Bu tutum, Corona salgınında halka IBAN numarası gönderen, belediyelerin topladığı yardımlara el koyan ve yıllardır toplanan deprem vergilerini yağmalayan iktidar anlayışının devamıdır.

Halk güçleri her türlü engellemeye rağmen sahada çalışıyor. Bu çalışmaları ve yardımları daha güçlü bir birlikte davranma, organize olma ve dayanışma ile yürütmek için çaba harcamalıyız. Bu birlik ve dayanışmanın kalıcı temeller kazanması perspektifiyle davranmalıyız.

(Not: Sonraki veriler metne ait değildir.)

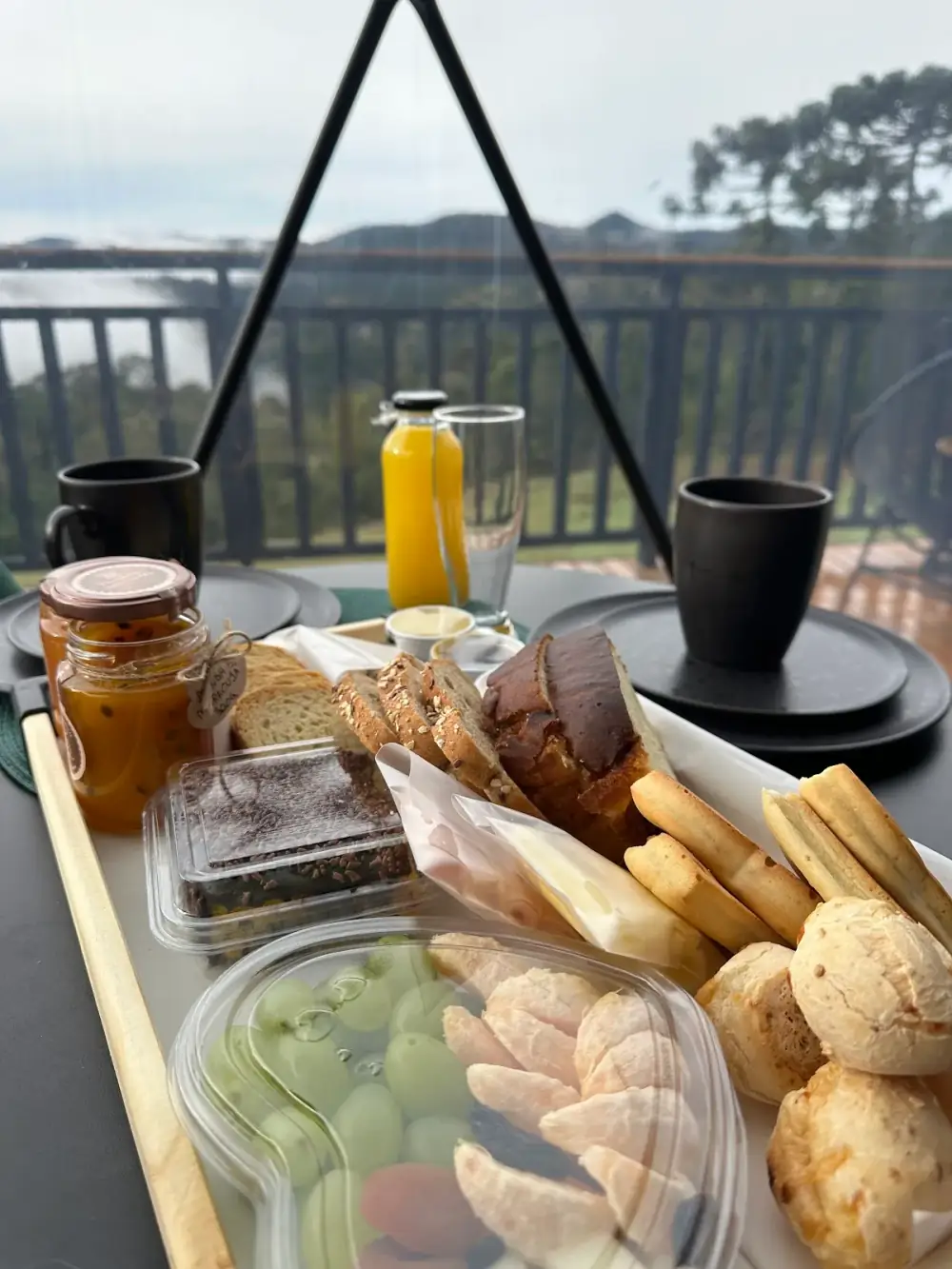 Hospedagem Urubici | Pousada | Orion Glamping — foto 6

Pazarcık ve Elbistan merkezli depremler dolayısıyla ortaya çıkan öfkeyi, bilinç sıçramasını ve dayanışmayı hem deprem coğrafyasında, hem de destek ve dayanışma bilincinin vücut bulduğu her yerde yerel örgütlenmelerin, meclisleşmelerin zemini haline getirmeliyiz. Bu ihtiyaç ve imkan özellikle bir büyük deprem tehdidi altında yaşayan İstanbul basta olmak üzere Marmara bölgesi için mevcuttur.

Gün, gelişmelere geleceği inşa etme açısından yaklaşma günüdür.